### What you should do:
Please print all of the entries, matching them exactly.

Dataset entries
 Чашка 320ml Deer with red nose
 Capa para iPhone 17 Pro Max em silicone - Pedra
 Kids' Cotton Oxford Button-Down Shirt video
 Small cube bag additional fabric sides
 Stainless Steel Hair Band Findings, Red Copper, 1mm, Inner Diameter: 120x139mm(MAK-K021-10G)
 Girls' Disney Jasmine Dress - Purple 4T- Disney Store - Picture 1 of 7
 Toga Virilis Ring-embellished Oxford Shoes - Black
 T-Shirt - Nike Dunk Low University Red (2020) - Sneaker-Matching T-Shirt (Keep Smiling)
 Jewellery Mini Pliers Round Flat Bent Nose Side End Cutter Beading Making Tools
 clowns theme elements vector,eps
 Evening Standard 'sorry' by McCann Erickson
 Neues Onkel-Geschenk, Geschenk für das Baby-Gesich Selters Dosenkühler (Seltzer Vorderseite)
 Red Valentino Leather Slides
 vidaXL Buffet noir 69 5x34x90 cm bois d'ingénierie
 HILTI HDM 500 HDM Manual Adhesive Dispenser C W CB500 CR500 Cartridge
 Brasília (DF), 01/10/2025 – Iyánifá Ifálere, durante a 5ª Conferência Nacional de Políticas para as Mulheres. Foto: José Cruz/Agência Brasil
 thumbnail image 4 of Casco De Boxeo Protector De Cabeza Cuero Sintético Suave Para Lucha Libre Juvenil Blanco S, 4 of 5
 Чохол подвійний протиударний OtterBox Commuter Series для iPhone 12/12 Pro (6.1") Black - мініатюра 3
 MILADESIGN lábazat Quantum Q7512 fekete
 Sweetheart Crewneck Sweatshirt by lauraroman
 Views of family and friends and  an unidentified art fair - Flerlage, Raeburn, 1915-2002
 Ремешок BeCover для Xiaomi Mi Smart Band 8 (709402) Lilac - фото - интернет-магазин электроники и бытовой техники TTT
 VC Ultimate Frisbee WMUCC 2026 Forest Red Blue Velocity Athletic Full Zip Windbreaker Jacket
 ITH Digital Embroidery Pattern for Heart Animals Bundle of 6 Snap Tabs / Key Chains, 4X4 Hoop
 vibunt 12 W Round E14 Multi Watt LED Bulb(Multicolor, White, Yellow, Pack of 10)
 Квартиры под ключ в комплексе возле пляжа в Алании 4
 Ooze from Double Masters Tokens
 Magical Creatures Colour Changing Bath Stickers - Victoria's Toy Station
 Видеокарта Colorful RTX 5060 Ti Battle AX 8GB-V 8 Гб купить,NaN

### Reply to the task:
 Чашка 320ml Deer with red nose
 Capa para iPhone 17 Pro Max em silicone - Pedra
 Kids' Cotton Oxford Button-Down Shirt video
 Small cube bag additional fabric sides
 Stainless Steel Hair Band Findings, Red Copper, 1mm, Inner Diameter: 120x139mm(MAK-K021-10G)
 Girls' Disney Jasmine Dress - Purple 4T- Disney Store - Picture 1 of 7
 Toga Virilis Ring-embellished Oxford Shoes - Black
 T-Shirt - Nike Dunk Low University Red (2020) - Sneaker-Matching T-Shirt (Keep Smiling)
 Jewellery Mini Pliers Round Flat Bent Nose Side End Cutter Beading Making Tools
 clowns theme elements vector,eps
 Evening Standard 'sorry' by McCann Erickson
 Neues Onkel-Geschenk, Geschenk für das Baby-Gesich Selters Dosenkühler (Seltzer Vorderseite)
 Red Valentino Leather Slides
 vidaXL Buffet noir 69 5x34x90 cm bois d'ingénierie
 HILTI HDM 500 HDM Manual Adhesive Dispenser C W CB500 CR500 Cartridge
 Brasília (DF), 01/10/2025 – Iyánifá Ifálere, durante a 5ª Conferência Nacional de Políticas para as Mulheres. Foto: José Cruz/Agência Brasil
 thumbnail image 4 of Casco De Boxeo Protector De Cabeza Cuero Sintético Suave Para Lucha Libre Juvenil Blanco S, 4 of 5
 Чохол подвійний протиударний OtterBox Commuter Series для iPhone 12/12 Pro (6.1") Black - мініатюра 3
 MILADESIGN lábazat Quantum Q7512 fekete
 Sweetheart Crewneck Sweatshirt by lauraroman
 Views of family and friends and  an unidentified art fair - Flerlage, Raeburn, 1915-2002
 Ремешок BeCover для Xiaomi Mi Smart Band 8 (709402) Lilac - фото - интернет-магазин электроники и бытовой техники TTT
 VC Ultimate Frisbee WMUCC 2026 Forest Red Blue Velocity Athletic Full Zip Windbreaker Jacket
 ITH Digital Embroidery Pattern for Heart Animals Bundle of 6 Snap Tabs / Key Chains, 4X4 Hoop
 vibunt 12 W Round E14 Multi Watt LED Bulb(Multicolor, White, Yellow, Pack of 10)
 Квартиры под ключ в комплексе возле пляжа в Алании 4
 Ooze from Double Masters Tokens
 Magical Creatures Colour Changing Bath Stickers - Victoria's Toy Station
 Видеокарта Colorful RTX 5060 Ti Battle AX 8GB-V 8 Гб купить,NaN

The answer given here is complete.